We’re used to seeing gun control advocates get a lot of details wrong in their push to restrict our right to keep and bear arms. Whether it’s maliciously so or just the result of incompetence is largely irrelevant. At a certain point, the two are indistinguishable.
But in Minnesota, there’s a full-court press going on with regard to pushing gun control.
And, frankly, they’re tripping over themselves to get things horrifically wrong.
Let’s start with Gov. Tim Walz trying to use a shooting to justify anti-gun rules.
Following a double homicide by a shooter, who then took his own life in Cloquet yesterday, Democrat Governor Tim Walz is hinting once again at more gun control. As you may know, Walz and the Democrat controlled legislature passed Universal Background Checks and Red Flag gun seizure last session. Those bills were tucked into an enormous omnibus bill that also gave pedophilia a protected sexual orientation classification.
According to MPR, Walz “cited a need for reducing gun violence” and stated, ““We cannot live in a world where we just accept that this is a normal occurrence. It is not. If there’s anything we can do or learn from this, we will.”
The shooting in question claimed two lives at a hotel. No one knows the motive for the shooting or whether there was one, but it was basically a double homicide. While they shouldn’t be accepted as normal, there’s also no reason to believe restricting guns would necessarily have prevented the Cloquet shooting in the first place.
Even if it could have prevented the shooting deaths–and I’m not saying it would have, so just bear with me–it wouldn’t necessarily have prevented the homicides themselves.
Frankly, unless Walz has some information the rest of the world isn’t privy to, he’s just spouting off.
Maybe he won’t push for gun control in the wake of the shooting. But Walz is very anti-gun, so don’t expect him not to push for something.
But this is normal. Wrong, but normal. After some horrific homicide, lawmakers claim they’ll do all they can to prevent it from happening again, even if they have no intentions of doing so.
The Star Tribune’s editorial board, however, went full-blown stupid in a recent editorial.

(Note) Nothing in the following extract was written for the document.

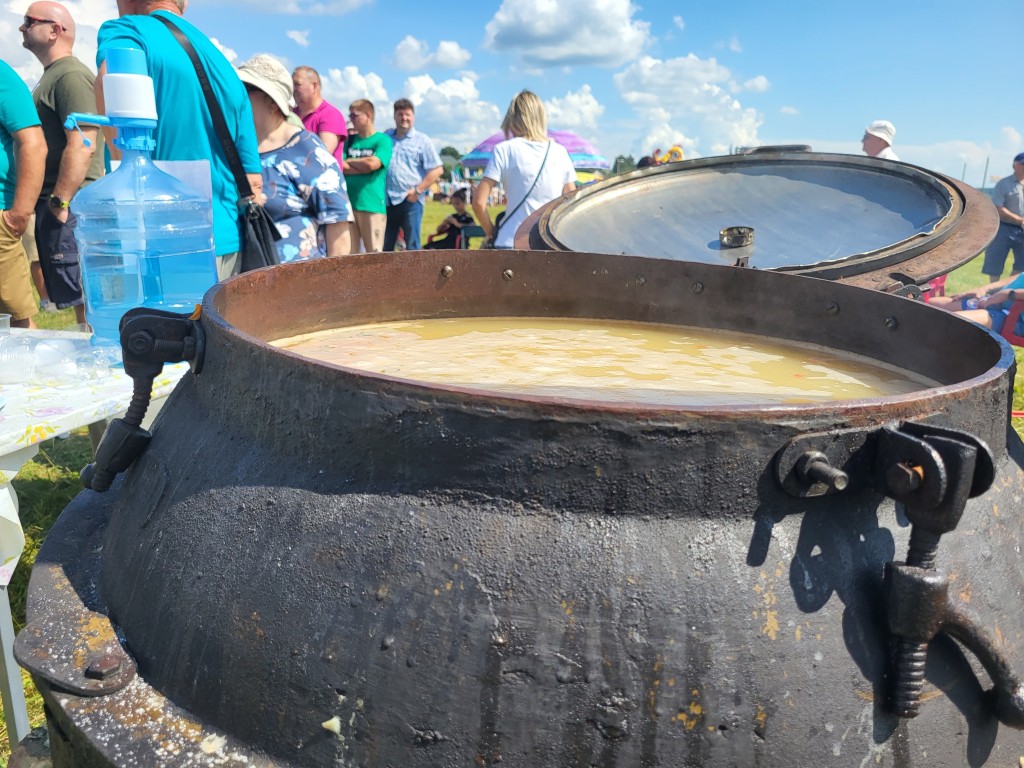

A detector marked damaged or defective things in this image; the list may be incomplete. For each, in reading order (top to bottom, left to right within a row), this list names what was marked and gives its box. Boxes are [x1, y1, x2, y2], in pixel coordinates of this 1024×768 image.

rusty metal cauldron [16, 249, 1024, 764]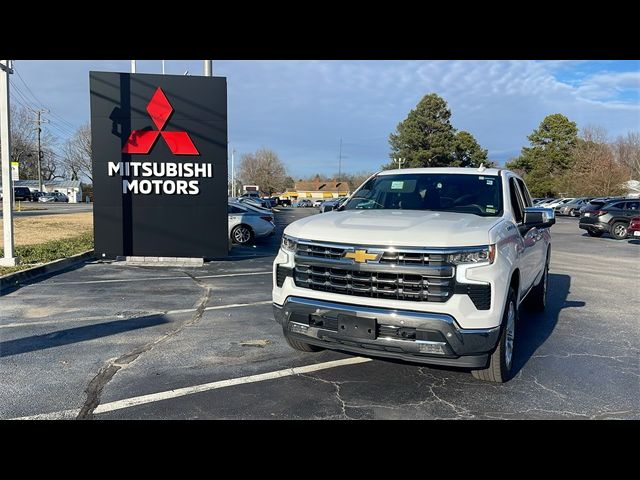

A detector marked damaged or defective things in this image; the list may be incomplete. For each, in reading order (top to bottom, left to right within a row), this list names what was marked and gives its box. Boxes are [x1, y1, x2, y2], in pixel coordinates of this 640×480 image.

cracked pavement [0, 212, 636, 418]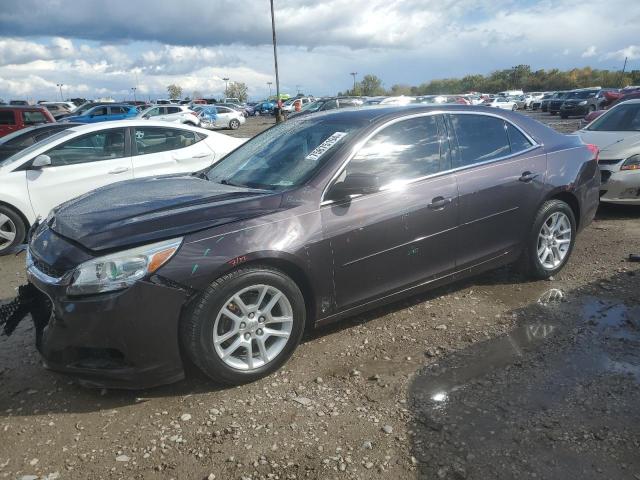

The new year started with news of the tragic shootings of two children in the Twin Cities when shots were fired into their homes. In Minneapolis, an 11-year-old girl was shot in the face while in her North Side bedroom. And in St. Paul, a 10-year-old boy was hit in the stomach by gunfire directed at his Frogtown-area home.
It’s impossible to know whether the red-flag law that went into effect Jan. 1 in Minnesota could have prevented that horror. But it might have made a difference in the Minneapolis case, where the suspect randomly fired an AR-15 rifle into the air to celebrate the new year. The accused is a Fridley man who is a convicted felon barred from having a firearm. The ban wasn’t enough, but had someone close to him who knew he had the rifle sought an order under the new law, the rifle might have been taken away from him.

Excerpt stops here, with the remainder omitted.